Tarih, tanrılar denilen ayrıcalıklı sınıfla, insanlık denilen ezilen sınıflar arasında bir mücadele arenasıdır. Her zaman olmasa da, bazen bu ayrıcalıklı sınıf içinden birileri Prometheus misali hakikat arayışına çıkar ve ezilen sınıfların ilhamı, ışık tutanı olurlar.
Bugünün Fransa zindanlarında, kayaya zincirlenmiş bir Prometheus gibi bir siyasi tutsak var: Georges Ibrahim Abdallah.

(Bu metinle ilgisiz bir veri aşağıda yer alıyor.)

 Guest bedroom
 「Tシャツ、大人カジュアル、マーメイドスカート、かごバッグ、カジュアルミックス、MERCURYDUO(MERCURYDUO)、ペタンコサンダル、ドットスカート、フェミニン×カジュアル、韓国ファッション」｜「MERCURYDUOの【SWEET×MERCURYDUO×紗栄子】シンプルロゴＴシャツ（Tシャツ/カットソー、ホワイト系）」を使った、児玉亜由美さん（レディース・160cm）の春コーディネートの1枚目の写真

Georges Abdallah, Lübnan’da Marunî Hristiyan bir ailenin çocuğu olarak dünyaya geldi. Öğretmenlikle başladığı hayat hikâyesine; FHKC içinde İsrail işgalciliğine karşı savaşçılığı, ardından Lübnanlı bir devrimci örgüt olan FARL’ın kuruluşunu ve faaliyetini sığdırdı.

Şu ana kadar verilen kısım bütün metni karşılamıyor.